*INSTRUCTIONS TO FOLLOW*
Copy word for word, please, the lines of the entries below running from the one containing "Blue mini with white palm leaves" to the one containing "Heat movie crew", both ends included.

== DATA PROVIDED

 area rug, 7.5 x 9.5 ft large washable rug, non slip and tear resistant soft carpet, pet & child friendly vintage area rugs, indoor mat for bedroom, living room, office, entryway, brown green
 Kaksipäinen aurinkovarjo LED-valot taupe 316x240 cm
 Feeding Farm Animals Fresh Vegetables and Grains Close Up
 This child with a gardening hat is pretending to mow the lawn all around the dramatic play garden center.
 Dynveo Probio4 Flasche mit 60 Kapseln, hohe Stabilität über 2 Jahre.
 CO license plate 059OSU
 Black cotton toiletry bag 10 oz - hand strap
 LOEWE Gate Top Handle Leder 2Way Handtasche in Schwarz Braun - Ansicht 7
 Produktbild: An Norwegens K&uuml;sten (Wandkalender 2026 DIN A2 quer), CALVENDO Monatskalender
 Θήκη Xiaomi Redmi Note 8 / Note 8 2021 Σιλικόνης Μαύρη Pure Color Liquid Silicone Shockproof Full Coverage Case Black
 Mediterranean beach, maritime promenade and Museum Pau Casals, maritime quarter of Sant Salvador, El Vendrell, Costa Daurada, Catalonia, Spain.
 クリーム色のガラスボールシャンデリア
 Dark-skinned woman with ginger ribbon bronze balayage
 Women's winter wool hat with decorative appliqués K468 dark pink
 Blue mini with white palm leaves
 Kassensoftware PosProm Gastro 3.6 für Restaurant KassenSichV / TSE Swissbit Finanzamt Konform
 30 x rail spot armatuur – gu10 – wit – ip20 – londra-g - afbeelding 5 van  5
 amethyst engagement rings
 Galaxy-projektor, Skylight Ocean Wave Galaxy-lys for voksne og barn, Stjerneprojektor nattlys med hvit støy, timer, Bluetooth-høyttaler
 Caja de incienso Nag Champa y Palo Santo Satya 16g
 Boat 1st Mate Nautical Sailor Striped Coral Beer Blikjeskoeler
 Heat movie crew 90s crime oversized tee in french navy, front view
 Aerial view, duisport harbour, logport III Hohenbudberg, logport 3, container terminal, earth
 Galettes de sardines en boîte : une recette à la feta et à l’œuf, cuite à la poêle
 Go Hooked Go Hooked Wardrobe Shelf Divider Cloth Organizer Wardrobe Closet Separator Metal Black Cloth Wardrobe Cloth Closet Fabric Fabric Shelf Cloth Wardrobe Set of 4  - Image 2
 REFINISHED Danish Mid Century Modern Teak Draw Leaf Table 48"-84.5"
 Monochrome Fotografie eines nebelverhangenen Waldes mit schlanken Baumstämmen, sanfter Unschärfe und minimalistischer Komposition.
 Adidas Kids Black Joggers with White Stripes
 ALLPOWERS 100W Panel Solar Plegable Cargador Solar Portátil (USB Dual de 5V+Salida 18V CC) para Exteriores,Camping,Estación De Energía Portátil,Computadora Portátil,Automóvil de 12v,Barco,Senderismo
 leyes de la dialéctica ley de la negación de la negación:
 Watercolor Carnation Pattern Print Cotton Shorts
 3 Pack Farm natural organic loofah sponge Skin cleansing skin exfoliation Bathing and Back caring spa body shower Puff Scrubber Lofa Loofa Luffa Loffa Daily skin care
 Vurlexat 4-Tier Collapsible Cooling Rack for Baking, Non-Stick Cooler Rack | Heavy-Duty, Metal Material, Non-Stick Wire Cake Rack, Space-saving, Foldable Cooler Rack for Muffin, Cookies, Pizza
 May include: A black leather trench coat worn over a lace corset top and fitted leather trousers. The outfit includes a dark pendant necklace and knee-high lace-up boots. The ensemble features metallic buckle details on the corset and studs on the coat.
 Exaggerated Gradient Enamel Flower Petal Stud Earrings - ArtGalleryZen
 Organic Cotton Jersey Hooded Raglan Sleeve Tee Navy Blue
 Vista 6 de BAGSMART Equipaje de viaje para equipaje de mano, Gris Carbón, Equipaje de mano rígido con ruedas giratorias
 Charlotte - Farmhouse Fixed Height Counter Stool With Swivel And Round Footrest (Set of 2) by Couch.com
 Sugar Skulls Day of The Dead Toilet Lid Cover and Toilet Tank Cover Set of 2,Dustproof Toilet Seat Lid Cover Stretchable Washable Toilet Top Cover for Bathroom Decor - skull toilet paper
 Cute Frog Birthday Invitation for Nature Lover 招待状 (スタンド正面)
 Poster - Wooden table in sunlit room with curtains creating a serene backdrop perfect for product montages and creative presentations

====

*TASK RESULT*
 Blue mini with white palm leaves
 Kassensoftware PosProm Gastro 3.6 für Restaurant KassenSichV / TSE Swissbit Finanzamt Konform
 30 x rail spot armatuur – gu10 – wit – ip20 – londra-g - afbeelding 5 van  5
 amethyst engagement rings
 Galaxy-projektor, Skylight Ocean Wave Galaxy-lys for voksne og barn, Stjerneprojektor nattlys med hvit støy, timer, Bluetooth-høyttaler
 Caja de incienso Nag Champa y Palo Santo Satya 16g
 Boat 1st Mate Nautical Sailor Striped Coral Beer Blikjeskoeler
 Heat movie crew 90s crime oversized tee in french navy, front view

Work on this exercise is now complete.